Single-sided speech quality measurement

Info

Patent number: 9786300
Type: Grant
Filed: Aug 1, 2011
Date of Patent: Oct 10, 2017
Patent Publication Number: 20110288865
Assignee: Avaya, Inc. (Basking Ridge, NJ)
Inventors: Wai-Yip Chan (Kingston), Tiago H Falk (St. Hubert), Qingfeng Xu (Waterloo)
Primary Examiner: Martin Lerner
Application Number: 13/195,338

Abstract

A non-intrusive speech quality estimation technique is based on statistical or probability models such as Gaussian Mixture Models (“GMMs”). Perceptual features are extracted from the received speech signal and assessed by an artificial reference model formed using statistical models. The models characterize the statistical behavior of speech features. Consistency measures between the input speech features and the models are calculated to form indicators of speech quality. The consistency values are mapped to a speech quality score using a mapping optimized using machine learning algorithms, such as Multivariate Adaptive Regression Splines (“MARS”). The technique provides competitive or better quality estimates relative to known techniques while having lower computational complexity.

Description

Description

CROSS-REFERENCE TO RELATED APPLICATIONS

This application is a continuation of U.S. patent application Ser. No. 11/364,252, titled Single-Sided Speech Quality Measurement, filed Feb. 28, 2006, now abandoned.

FIELD OF THE INVENTION

This invention relates generally to the field of telecommunications, and more particularly to double-ended measurement of speech quality.

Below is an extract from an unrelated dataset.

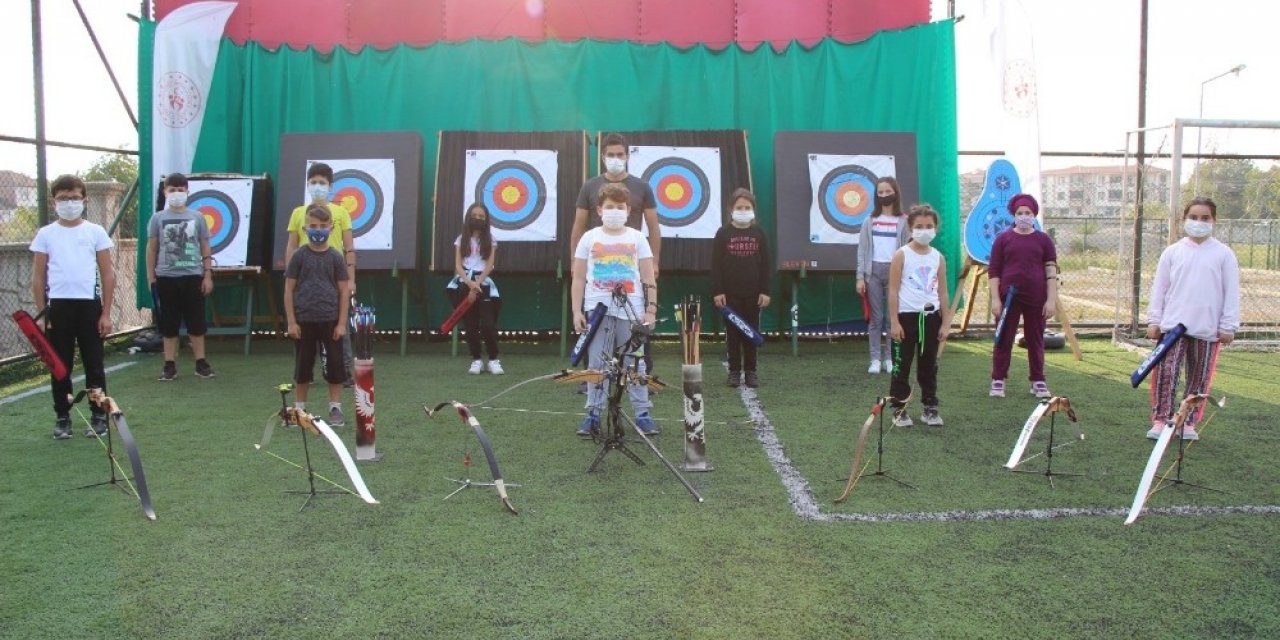 Düzce’de okçuluk kursları başladı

BACKGROUND OF THE INVENTION

The capability of measuring speech quality in a telecommunications network is important to telecommunications service providers. Measurements of speech quality can be employed to assist with network maintenance and troubleshooting, and can also be used to evaluate new technologies, protocols and equipment. However, anticipating how people will perceive speech quality can be difficult. The traditional technique for measuring speech quality is a subjective listening test. In a subjective listening test a group of people manually, i.e., by listening, score the quality of speech according to, e.g., an Absolute Categorical Rating (“ACR”) scale, Bad (1), Poor (2), Fair (3), Good(4), Excellent (5). The average of the scores, known as a Mean Opinion Score (“MOS”), is then calculated and used to characterize the performance of speech codecs, transmission equipment, and networks. Other kinds of subjective tests and scoring schemes may also be used, e.g., degradation mean opinion scores (“DMOS”). Regardless of the scoring scheme, subjective listening tests are time consuming and costly.

Machine-automated, “objective” measurement is known as an alternative to subjective listening tests. Objective measurement provides a rapid and economical means to estimate user opinion, and makes it possible to perform real-time speech quality measurement on a network-wide scale. Objective measurement can be performed either intrusively or non-intrusively. Intrusive measurement, also called double-ended or input-output-based measurement, is based on measuring the distortion between the received and transmitted speech signals, often with an underlying requirement that the transmitted signal be a “clean” signal of high quality. Non-intrusive measurement, also called single-ended or output-based measurement, does not require the clean signal to estimate quality. In a working commercial network it may be difficult to provide both the clean signal and the received speech signal to the test equipment because of the distances between endpoints. Consequently, non-intrusive techniques should be more practical for implementation outside of a test facility because they do not require a clean signal.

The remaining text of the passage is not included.